Infrastructure issues

The Italian government started building a massive flood barrier design to save Venice and isolate the Venetian Lagoon. The project was called Mose (named after the biblical figure Moses, another name for the project), and it became one of the biggest civil engineering projects in the world.

Mose (or Moses) involves 78 gates positioned at three separate inlets. Whenever the tide reaches 43 inches, the gates rise above the surface of the water to protect the lagoon from flooding. The gates don’t lower until the tide dips.

There’s only one critical flaw. The Mose project hasn’t been completed yet.

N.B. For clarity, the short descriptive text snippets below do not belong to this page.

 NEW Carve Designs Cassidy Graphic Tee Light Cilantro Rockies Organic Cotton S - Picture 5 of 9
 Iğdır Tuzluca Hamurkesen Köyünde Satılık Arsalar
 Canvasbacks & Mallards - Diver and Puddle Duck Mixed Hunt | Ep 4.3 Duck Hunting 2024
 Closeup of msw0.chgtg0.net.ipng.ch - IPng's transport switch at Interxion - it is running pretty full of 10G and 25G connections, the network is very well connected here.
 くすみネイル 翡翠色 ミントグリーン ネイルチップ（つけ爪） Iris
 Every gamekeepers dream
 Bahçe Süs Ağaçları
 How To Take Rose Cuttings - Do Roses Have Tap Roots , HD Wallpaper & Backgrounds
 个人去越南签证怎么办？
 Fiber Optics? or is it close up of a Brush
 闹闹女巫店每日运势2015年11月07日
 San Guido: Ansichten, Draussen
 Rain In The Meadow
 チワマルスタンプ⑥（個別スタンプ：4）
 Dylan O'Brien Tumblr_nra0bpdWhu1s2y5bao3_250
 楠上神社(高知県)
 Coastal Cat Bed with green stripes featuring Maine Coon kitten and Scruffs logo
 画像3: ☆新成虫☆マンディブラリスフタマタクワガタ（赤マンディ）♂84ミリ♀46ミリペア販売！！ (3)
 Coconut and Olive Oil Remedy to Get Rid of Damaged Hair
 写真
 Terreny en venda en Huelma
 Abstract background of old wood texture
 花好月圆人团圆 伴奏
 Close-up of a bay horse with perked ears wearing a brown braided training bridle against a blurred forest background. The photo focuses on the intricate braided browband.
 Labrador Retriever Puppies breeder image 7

One spokesman for Venice’s Civil Protection Agency told media that Moses could’ve alleviated the impact the water had on the area.


"Of course if the Moses project was completed the damages we are seeing now would not have happened," he said, "but the project was not completed because of the high cost."

Another spokesperson for the Mayor of Venice’s office admitted the project was of high importance.

"The Moses project is important to the Venetians," he said. "This infrastructure must be completed to avoid extraordinary waters, like what happened on Monday."

However, despite over 15 years of construction and an estimated $6.5 billion, it’s still just 92 percent complete, the New Venice Consortium -- the company responsible for the Moses system -- said. 

Interesting Engineering will continue to monitor this story as it develops and publish the latest information from the area.